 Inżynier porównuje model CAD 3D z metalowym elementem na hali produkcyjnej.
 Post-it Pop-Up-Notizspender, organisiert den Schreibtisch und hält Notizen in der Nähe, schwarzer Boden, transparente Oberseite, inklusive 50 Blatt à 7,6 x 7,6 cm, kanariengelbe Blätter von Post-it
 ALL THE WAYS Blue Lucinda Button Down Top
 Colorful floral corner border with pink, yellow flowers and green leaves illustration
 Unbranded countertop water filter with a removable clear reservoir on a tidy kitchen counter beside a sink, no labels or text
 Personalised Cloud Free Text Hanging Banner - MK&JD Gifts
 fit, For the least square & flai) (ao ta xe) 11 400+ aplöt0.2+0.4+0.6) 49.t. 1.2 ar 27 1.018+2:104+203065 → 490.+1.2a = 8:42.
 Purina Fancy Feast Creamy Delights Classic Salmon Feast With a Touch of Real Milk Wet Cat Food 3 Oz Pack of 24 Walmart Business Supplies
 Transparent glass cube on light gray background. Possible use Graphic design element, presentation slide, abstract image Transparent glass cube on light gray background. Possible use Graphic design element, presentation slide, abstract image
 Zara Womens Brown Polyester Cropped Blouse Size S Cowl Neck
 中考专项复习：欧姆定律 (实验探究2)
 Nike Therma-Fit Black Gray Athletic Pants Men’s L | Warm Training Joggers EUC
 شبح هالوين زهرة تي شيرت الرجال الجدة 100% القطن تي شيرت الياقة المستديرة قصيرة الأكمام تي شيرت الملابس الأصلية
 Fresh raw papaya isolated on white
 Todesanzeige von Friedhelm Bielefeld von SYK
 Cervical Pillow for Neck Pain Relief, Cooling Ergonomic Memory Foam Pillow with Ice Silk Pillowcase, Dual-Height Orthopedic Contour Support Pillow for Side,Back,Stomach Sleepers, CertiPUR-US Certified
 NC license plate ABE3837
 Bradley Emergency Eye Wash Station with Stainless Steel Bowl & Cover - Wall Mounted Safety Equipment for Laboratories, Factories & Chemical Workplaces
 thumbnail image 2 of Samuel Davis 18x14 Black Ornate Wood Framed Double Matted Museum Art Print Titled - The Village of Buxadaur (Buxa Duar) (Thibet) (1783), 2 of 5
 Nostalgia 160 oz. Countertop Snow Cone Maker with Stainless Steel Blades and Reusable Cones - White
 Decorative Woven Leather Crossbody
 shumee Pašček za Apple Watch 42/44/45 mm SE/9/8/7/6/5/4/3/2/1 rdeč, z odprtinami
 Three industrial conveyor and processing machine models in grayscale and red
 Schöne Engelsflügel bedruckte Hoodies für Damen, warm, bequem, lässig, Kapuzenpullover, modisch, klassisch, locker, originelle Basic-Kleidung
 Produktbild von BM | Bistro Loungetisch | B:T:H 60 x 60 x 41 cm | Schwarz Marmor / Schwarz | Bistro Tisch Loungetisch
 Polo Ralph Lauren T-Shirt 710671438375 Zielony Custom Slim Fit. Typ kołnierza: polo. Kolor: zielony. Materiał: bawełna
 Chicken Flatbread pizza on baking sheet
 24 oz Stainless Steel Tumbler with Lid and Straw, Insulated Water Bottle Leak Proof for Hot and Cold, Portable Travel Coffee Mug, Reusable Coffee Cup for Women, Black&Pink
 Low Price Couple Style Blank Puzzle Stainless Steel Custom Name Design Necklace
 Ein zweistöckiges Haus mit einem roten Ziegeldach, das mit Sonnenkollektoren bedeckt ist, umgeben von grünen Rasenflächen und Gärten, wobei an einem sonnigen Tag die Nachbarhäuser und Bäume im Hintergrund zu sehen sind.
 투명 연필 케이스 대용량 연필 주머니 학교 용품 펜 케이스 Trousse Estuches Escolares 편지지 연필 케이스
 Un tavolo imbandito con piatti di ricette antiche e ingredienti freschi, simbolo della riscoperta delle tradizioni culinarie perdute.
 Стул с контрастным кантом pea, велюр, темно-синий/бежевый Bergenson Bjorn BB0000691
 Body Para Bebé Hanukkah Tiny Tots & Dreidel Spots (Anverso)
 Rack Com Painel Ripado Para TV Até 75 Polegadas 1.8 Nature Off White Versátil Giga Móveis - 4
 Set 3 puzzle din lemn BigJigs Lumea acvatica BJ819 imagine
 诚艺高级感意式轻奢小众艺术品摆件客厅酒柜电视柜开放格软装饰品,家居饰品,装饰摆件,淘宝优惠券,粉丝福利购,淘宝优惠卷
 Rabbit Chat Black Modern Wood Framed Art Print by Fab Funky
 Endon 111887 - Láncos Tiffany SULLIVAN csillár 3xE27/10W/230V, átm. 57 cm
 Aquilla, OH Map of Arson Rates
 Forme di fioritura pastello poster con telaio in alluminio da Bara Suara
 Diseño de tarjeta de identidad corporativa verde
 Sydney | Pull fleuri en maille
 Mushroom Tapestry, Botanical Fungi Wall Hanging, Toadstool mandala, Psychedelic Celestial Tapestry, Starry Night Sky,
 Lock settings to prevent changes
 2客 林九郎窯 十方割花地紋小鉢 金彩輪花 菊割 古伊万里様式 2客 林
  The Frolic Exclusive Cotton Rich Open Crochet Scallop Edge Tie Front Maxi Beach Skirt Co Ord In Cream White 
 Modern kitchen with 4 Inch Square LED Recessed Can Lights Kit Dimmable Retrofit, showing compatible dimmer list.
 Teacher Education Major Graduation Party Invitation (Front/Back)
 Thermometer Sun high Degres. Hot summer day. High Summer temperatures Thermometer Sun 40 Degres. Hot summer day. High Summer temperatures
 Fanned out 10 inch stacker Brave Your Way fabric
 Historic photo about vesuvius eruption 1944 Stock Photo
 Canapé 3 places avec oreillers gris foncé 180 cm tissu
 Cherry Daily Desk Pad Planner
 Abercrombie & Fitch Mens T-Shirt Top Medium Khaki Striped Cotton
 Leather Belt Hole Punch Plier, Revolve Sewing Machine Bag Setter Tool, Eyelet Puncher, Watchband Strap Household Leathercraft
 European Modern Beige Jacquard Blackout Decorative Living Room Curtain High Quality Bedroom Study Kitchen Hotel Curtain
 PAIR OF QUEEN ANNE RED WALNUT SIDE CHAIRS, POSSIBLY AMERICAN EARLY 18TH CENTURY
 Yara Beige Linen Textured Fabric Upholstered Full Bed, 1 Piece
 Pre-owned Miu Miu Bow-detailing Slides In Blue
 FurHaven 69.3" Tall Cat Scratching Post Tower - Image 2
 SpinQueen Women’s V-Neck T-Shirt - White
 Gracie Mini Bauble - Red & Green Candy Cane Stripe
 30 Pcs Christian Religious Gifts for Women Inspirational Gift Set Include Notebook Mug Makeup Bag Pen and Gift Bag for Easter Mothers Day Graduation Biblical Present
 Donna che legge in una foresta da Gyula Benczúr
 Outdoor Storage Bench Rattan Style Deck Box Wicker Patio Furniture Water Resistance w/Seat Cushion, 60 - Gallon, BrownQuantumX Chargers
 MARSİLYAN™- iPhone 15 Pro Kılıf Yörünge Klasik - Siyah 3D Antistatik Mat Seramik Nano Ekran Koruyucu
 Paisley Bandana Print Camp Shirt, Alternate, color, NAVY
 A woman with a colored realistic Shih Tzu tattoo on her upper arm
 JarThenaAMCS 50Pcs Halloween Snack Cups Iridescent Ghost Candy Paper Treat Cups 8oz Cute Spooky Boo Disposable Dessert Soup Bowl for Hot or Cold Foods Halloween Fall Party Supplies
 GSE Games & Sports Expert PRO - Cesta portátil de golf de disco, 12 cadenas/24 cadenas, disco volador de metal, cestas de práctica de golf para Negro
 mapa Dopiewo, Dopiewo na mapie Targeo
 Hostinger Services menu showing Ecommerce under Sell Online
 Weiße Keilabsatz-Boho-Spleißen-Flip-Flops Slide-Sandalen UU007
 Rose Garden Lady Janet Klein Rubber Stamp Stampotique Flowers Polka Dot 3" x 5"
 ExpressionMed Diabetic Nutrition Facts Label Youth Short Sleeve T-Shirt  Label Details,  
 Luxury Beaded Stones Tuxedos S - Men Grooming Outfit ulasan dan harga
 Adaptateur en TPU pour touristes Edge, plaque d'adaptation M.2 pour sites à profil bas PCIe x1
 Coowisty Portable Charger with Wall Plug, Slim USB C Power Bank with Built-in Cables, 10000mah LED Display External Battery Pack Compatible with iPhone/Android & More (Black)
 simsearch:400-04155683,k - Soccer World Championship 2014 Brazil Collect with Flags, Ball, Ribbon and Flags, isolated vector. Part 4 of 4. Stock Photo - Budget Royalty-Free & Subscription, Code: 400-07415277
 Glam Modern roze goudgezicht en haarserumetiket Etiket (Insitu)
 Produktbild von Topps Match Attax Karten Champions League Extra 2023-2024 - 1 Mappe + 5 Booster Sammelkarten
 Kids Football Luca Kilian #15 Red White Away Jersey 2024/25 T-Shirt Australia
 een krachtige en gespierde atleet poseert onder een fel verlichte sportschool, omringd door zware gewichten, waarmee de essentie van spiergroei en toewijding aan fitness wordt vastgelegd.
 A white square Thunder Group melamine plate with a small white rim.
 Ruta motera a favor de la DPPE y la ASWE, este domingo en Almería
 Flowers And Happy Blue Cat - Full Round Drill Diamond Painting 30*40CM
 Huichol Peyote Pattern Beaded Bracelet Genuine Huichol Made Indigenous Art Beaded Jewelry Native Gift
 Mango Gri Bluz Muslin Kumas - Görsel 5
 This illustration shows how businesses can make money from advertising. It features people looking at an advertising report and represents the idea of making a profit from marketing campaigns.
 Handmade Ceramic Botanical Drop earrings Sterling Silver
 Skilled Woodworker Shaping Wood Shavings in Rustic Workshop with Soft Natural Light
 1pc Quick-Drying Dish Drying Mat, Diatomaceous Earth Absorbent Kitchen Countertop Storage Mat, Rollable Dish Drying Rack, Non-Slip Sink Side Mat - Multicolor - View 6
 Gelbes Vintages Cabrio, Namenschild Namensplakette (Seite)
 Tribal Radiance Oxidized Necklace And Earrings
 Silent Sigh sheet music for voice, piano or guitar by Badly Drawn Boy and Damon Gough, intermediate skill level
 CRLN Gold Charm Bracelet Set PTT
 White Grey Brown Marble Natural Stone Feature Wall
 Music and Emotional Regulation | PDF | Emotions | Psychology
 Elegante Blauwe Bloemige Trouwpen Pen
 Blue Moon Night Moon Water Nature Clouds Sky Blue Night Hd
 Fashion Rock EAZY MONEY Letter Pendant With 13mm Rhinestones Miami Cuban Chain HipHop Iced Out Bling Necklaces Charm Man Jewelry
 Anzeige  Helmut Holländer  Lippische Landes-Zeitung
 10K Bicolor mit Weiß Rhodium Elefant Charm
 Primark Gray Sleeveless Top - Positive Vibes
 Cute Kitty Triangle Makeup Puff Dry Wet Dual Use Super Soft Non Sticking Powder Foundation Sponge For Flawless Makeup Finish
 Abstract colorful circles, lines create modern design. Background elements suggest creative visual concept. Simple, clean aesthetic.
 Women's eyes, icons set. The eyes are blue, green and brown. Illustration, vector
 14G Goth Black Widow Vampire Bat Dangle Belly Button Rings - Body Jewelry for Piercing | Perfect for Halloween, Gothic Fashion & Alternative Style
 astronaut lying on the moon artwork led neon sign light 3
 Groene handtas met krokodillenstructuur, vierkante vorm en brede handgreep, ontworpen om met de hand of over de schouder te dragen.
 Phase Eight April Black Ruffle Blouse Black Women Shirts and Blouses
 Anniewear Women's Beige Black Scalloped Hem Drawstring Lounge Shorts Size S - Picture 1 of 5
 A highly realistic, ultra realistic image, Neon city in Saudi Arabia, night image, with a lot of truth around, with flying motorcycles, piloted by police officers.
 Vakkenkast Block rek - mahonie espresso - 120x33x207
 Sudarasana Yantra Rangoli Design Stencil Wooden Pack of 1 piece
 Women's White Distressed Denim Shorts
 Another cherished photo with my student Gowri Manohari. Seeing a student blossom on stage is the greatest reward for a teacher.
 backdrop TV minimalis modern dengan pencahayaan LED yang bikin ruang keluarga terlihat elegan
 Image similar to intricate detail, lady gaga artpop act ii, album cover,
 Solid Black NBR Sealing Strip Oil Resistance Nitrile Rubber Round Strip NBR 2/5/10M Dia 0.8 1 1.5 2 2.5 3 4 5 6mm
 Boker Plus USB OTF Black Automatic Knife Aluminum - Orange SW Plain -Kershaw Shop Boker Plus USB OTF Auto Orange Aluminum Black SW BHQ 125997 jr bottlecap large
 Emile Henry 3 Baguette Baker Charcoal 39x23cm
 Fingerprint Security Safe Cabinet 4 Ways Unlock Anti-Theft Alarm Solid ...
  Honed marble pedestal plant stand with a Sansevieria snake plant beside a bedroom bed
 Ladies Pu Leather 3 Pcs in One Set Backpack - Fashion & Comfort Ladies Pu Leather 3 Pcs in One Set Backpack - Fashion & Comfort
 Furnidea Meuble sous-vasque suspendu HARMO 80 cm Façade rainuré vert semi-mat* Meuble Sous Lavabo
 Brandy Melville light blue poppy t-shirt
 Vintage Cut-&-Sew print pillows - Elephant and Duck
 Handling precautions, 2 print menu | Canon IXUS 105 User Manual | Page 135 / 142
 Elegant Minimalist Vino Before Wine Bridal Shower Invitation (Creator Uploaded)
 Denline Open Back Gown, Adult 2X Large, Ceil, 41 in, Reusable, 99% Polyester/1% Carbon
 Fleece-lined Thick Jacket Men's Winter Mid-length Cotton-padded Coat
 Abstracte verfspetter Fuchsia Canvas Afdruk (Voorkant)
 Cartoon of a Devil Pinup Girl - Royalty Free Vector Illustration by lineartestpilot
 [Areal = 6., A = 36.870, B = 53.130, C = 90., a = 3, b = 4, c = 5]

########################################

Wherever a line contains the string "Custom", copy that line from the data.

 Polo Ralph Lauren T-Shirt 710671438375 Zielony Custom Slim Fit. Typ kołnierza: polo. Kolor: zielony. Materiał: bawełna
 Low Price Couple Style Blank Puzzle Stainless Steel Custom Name Design Necklace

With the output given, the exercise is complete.